» THE PROBLEM
In the records below, the line with "Peace Necklace, Gold" and every line after it must be written out exactly; no pictures belong in the result.

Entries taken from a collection
>>
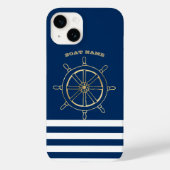 Nautical, Gold Boat Wheel, Navy Blue Stripes Case-Mate iPhone Case (Achterkant)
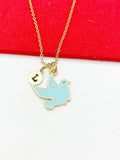 Peace Necklace, Gold Blue Bird Dove Charm, Peace Gift, Birthday Gift, Best Christmas Gift, Personalized Initial Necklace, N4824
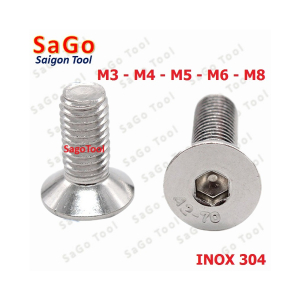 Bulong lục giác đầu bằng INOX 304 M3 M4 M5 M6 M8 10 con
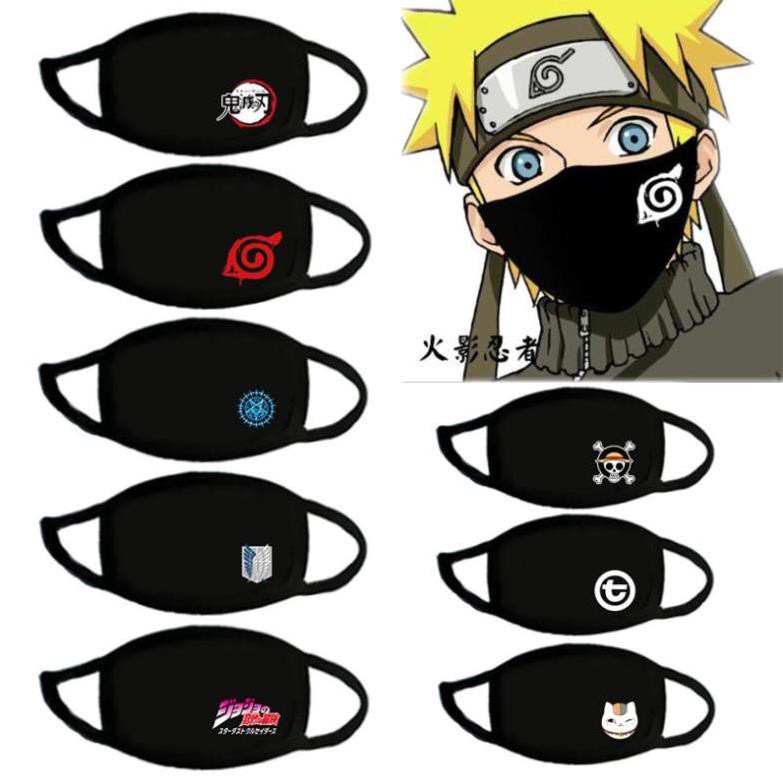 Khẩu Trang Vải Dày Thoáng Khí Giữ Ấm In Hình Anime Naruto Sasuke Uchiha Dễ Thương giá xưởng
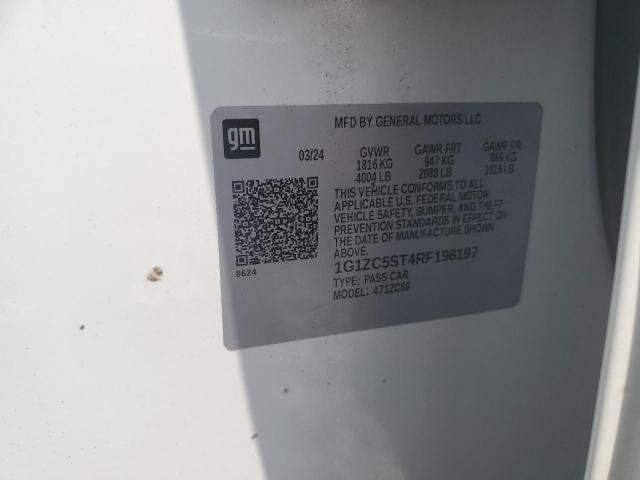 1G1ZC5ST4RF198197 - 2024 CHEVROLET MALIBU LS WHITE photo 12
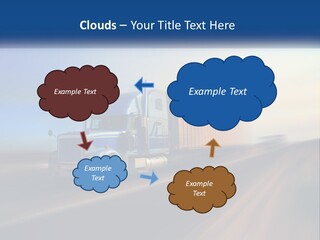 A Semi Truck Driving Down A Road With A Sky Background PowerPoint Template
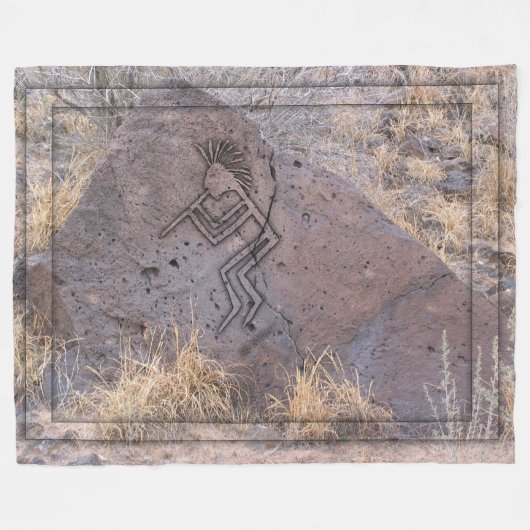 Flötenspieler-Petroglyphe Fleecedecke (Vorderseite (Horizontal))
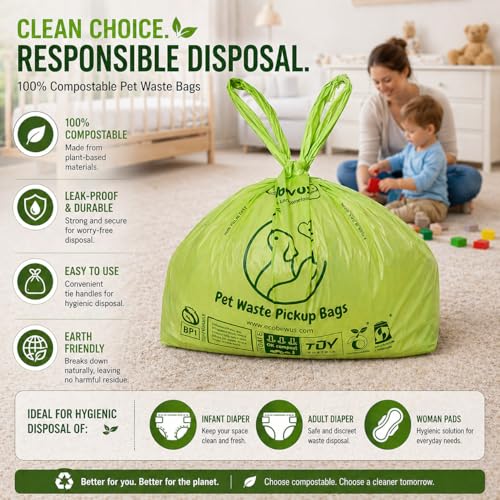 100% Compostable Pet Waste Disposal Bag (140 ct.) Plant-Based Cat Litter Poop Waste Pick-Up Bags with Handles Dog poop Bags Disposable Compost Food Scrap Liners (140 ct.)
<<
» OUTPUT BELOW
 Peace Necklace, Gold Blue Bird Dove Charm, Peace Gift, Birthday Gift, Best Christmas Gift, Personalized Initial Necklace, N4824
 Bulong lục giác đầu bằng INOX 304 M3 M4 M5 M6 M8 10 con
 Khẩu Trang Vải Dày Thoáng Khí Giữ Ấm In Hình Anime Naruto Sasuke Uchiha Dễ Thương giá xưởng
 1G1ZC5ST4RF198197 - 2024 CHEVROLET MALIBU LS WHITE photo 12
 A Semi Truck Driving Down A Road With A Sky Background PowerPoint Template
 Flötenspieler-Petroglyphe Fleecedecke (Vorderseite (Horizontal))
 100% Compostable Pet Waste Disposal Bag (140 ct.) Plant-Based Cat Litter Poop Waste Pick-Up Bags with Handles Dog poop Bags Disposable Compost Food Scrap Liners (140 ct.)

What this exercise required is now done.